**Data excerpts:**
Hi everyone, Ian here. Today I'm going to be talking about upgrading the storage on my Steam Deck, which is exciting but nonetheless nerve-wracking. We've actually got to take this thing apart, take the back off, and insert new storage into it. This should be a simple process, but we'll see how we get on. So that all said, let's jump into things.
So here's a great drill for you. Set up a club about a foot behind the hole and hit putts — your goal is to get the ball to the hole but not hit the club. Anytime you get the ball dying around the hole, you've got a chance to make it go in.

* * *

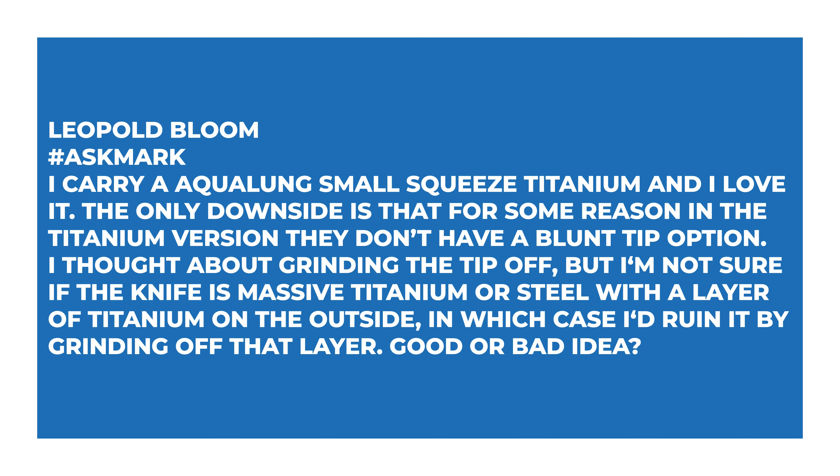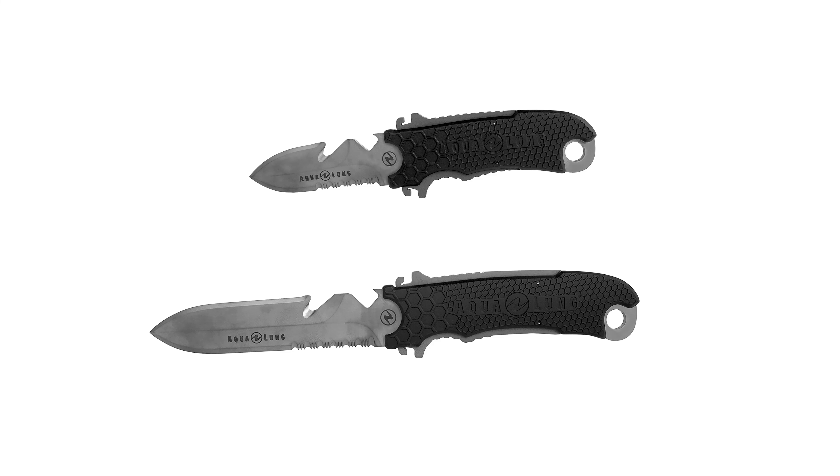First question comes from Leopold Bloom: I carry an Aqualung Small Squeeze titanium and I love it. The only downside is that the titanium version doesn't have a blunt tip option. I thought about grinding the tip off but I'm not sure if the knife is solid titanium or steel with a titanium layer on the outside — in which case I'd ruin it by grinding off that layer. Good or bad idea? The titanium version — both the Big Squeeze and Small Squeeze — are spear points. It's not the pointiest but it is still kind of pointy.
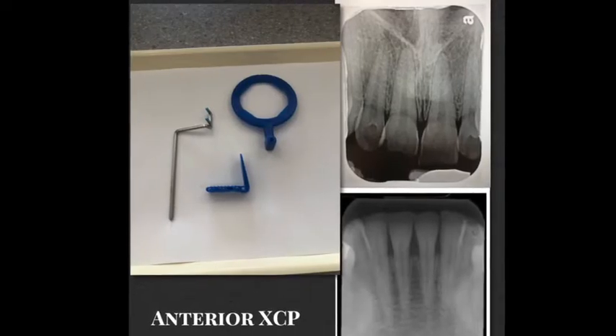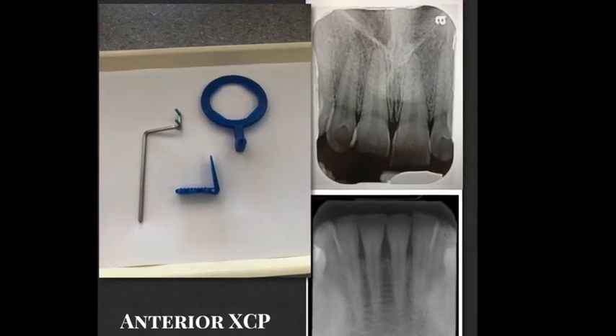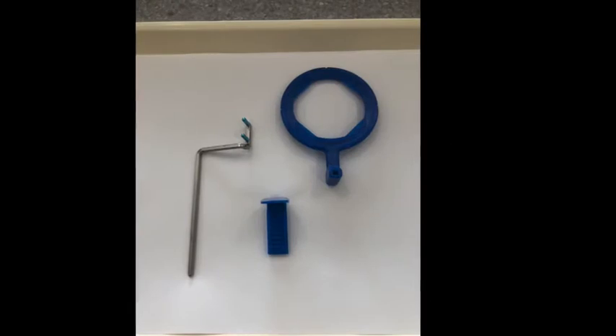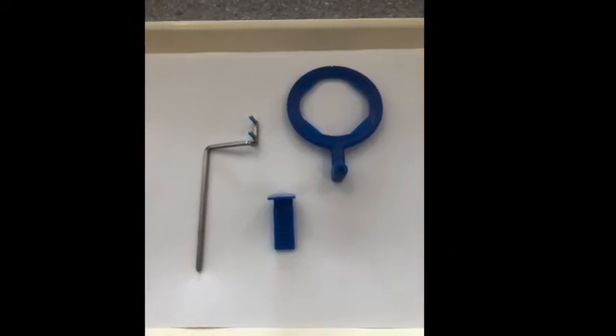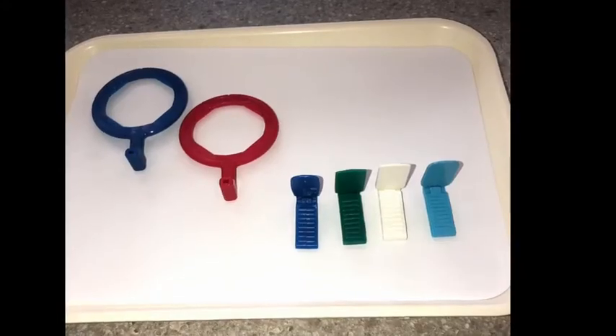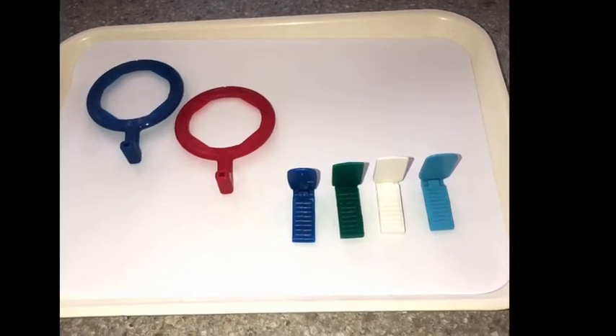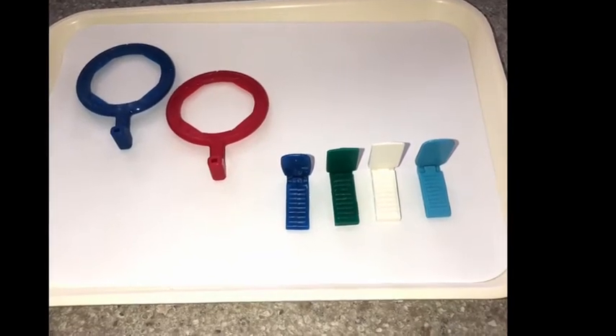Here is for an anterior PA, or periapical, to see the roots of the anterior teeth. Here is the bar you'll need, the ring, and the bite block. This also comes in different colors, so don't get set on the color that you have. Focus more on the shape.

...

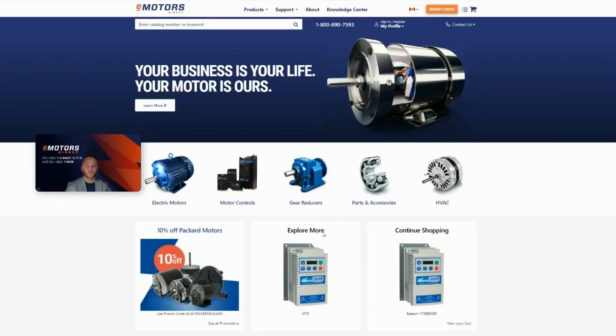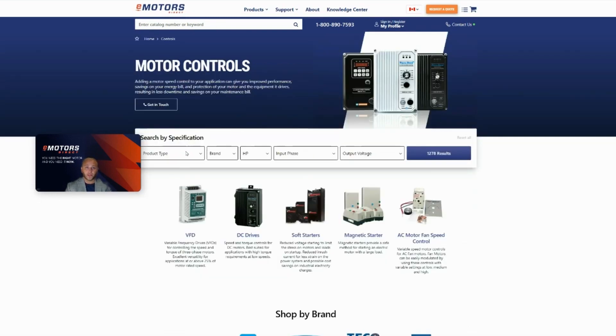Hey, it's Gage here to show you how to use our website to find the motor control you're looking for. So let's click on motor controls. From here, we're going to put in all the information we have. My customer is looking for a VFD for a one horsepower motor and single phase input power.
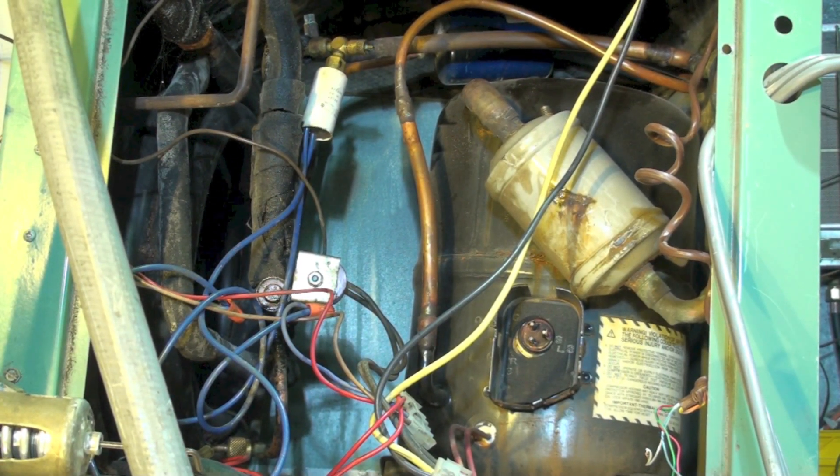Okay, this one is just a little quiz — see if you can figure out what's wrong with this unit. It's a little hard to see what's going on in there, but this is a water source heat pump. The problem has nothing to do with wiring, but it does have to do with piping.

**Exercise goal:** The reply should hold only the lines of the listing above starting at the line containing "Hi everyone, Ian" and ending at the line containing "So here's a", exactly as written.

**Exercise output:**
Hi everyone, Ian here. Today I'm going to be talking about upgrading the storage on my Steam Deck, which is exciting but nonetheless nerve-wracking. We've actually got to take this thing apart, take the back off, and insert new storage into it. This should be a simple process, but we'll see how we get on. So that all said, let's jump into things.
So here's a great drill for you. Set up a club about a foot behind the hole and hit putts — your goal is to get the ball to the hole but not hit the club. Anytime you get the ball dying around the hole, you've got a chance to make it go in.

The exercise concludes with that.